1. Audit your bank. The silver lining of the debit fee debacle is that it made many of us more aware of the fees our banks charge us and of what we’re getting in return. Start the new year by tallying up the fees you’re being charged for things like monthly account maintenance, overdraft protection transfers and out-of-network ATM use. How much are you paying each month? And what perks are you getting in return? Maybe you don’t need a branch in every mid-sized city. Maybe you love the high-tech bells and whistles like being able to deposit a check by taking a picture of it. Only you can make that determination. But if the math doesn’t add up, consider another institution.
2. Use cash when you can. If there was one thing we learned in 2011, it was just how expensive it is for small merchants to process debit card transactions because of interchange fees. Although the Federal Reserve set a cap on these fees last year, loopholes in the legislation mean that mom-and-pop businesses still get socked with hefty fees. So, maybe 2012 can be the year you pledge not to use a debit card for a cup of coffee. Maybe you want to take it a little further and go cash-only for stuff that costs less than, say, $5. You’ll help yourself, as well; many studies find that when people use cash, they spend less than they do when paying with plastic.
3. Set up text alerts. Many banks and credit unions will, at your request, send you an automated text message whenever your balance drops below an amount you select. Not only will it keep you from getting dinged with an insufficient funds fee, it can alert you if your account information has been compromised. If a criminal gets his or her hands on your account information and decides to take it on a shopping spree, you’ll be able to put a stop to it before they empty your account. Some financial institutions also let you receive alerts if transactions above a certain dollar amount are made; security experts say this is also a valuable tool to thwart unauthorized purchases.
4. Think of a better PIN. It’s your birth date, isn’t it?
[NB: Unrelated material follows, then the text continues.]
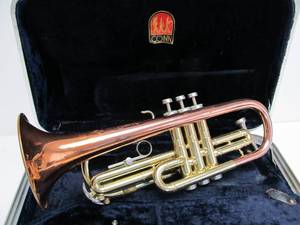 lot 139 image: Excellent Vintage 2-Tone Brass & Copper CONN Trumpet wCase
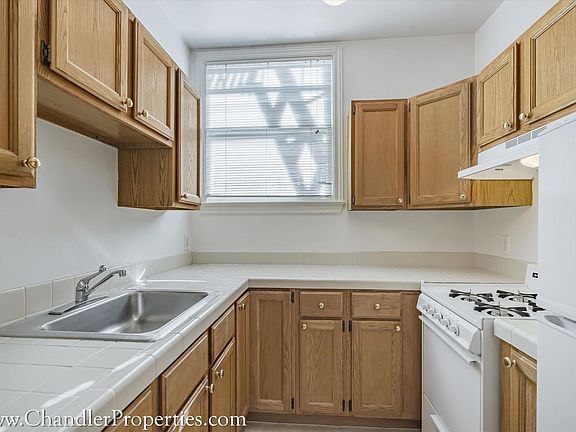 3rd image of 1545 Green St APT 206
Or your dog’s name? Or maybe you’re lazy and you just key in “123456” or “password” when you use your debit card. Stop it. You might as well print your password in permanent marker on the back of the card. Study after study of PINs and passwords show that an alarming number of us have easily guessable ones. Forbes.com has two lists of the most popular — that is, the least secure — passwords of 2011. If you see your PIN on either list, change it now. Even if you don’t, your security code is probably a lot more vulnerable than you think. Sophisticated criminals now coordinate their account number-gathering with infiltrating social networks like Facebook — which means they already know your dog’s name and your birthday.
5. Make saving automatic. Building up an emergency fund or saving for a big purchase is easier if you don’t have to think about it. Set up an automatic transfer from your checking account to a linked savings account each month. If you get a paycheck via direct deposit, see if the system lets you send money to two different accounts (many do). Arrange to have a portion of each paycheck deposited into a separate savings account. If you think you’ll be tempted to dip into your cash stash for everyday expenses, open that savings account at a separate institution to boost the “out of sight, out of mind” factor.